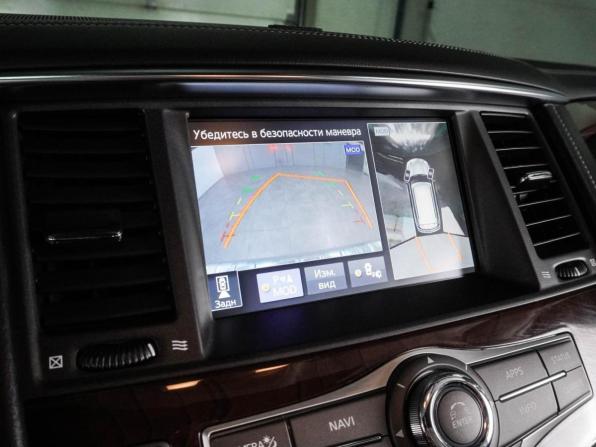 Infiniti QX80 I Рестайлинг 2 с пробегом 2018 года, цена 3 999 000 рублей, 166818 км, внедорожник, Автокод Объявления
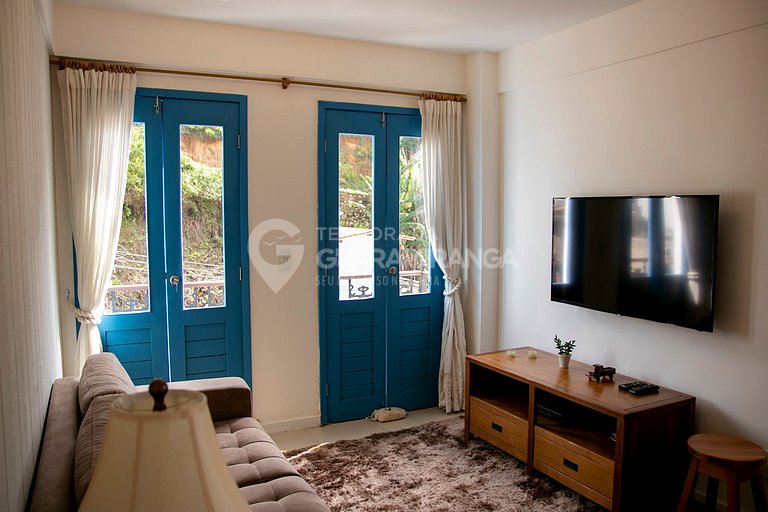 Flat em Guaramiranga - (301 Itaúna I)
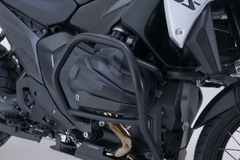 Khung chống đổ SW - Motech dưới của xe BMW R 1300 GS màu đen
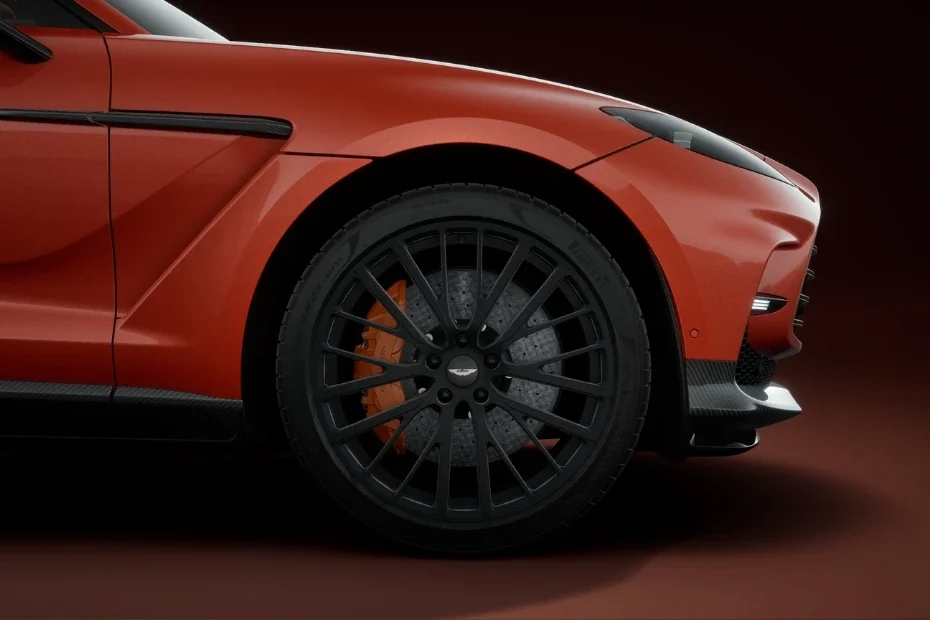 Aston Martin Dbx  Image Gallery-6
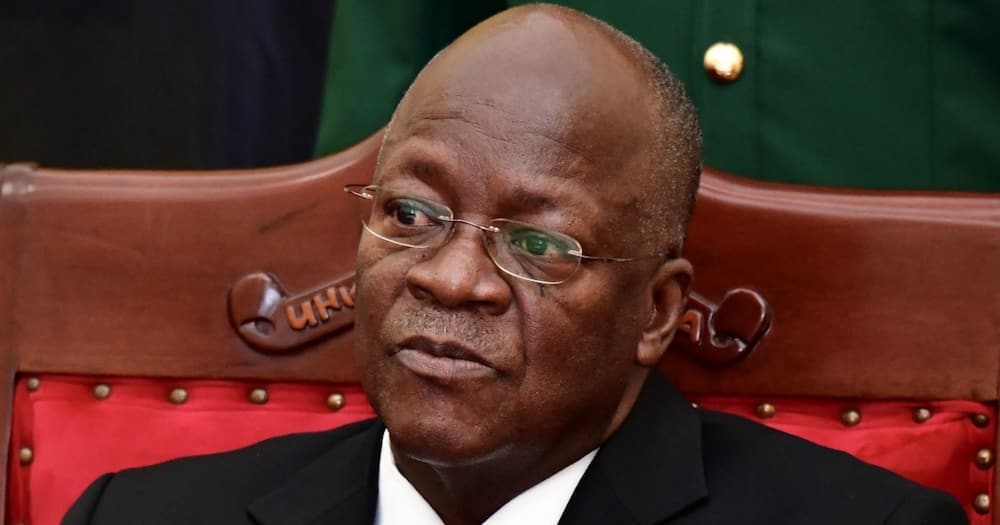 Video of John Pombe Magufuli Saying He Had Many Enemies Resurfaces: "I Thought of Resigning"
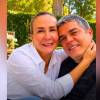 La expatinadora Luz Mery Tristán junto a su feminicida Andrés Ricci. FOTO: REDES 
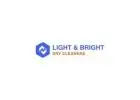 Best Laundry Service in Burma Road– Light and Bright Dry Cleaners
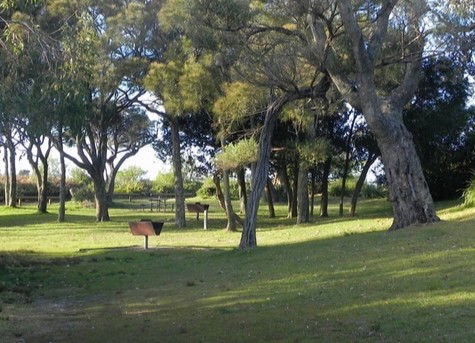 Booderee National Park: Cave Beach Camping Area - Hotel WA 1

...

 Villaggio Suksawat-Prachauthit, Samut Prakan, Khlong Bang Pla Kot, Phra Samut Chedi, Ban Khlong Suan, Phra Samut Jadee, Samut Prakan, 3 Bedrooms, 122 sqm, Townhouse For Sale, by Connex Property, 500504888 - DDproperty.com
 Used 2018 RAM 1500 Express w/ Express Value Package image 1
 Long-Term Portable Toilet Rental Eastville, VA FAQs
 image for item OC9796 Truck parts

■ Your assignment
In the listing above, find the line containing "Khung chống đổ" and the line containing "Best Laundry Service", then output those two lines and everything between them exactly as written, without the images.

■ Final answer
 Khung chống đổ SW - Motech dưới của xe BMW R 1300 GS màu đen
 Aston Martin Dbx  Image Gallery-6
 Video of John Pombe Magufuli Saying He Had Many Enemies Resurfaces: "I Thought of Resigning"
 La expatinadora Luz Mery Tristán junto a su feminicida Andrés Ricci. FOTO: REDES 
 Best Laundry Service in Burma Road– Light and Bright Dry Cleaners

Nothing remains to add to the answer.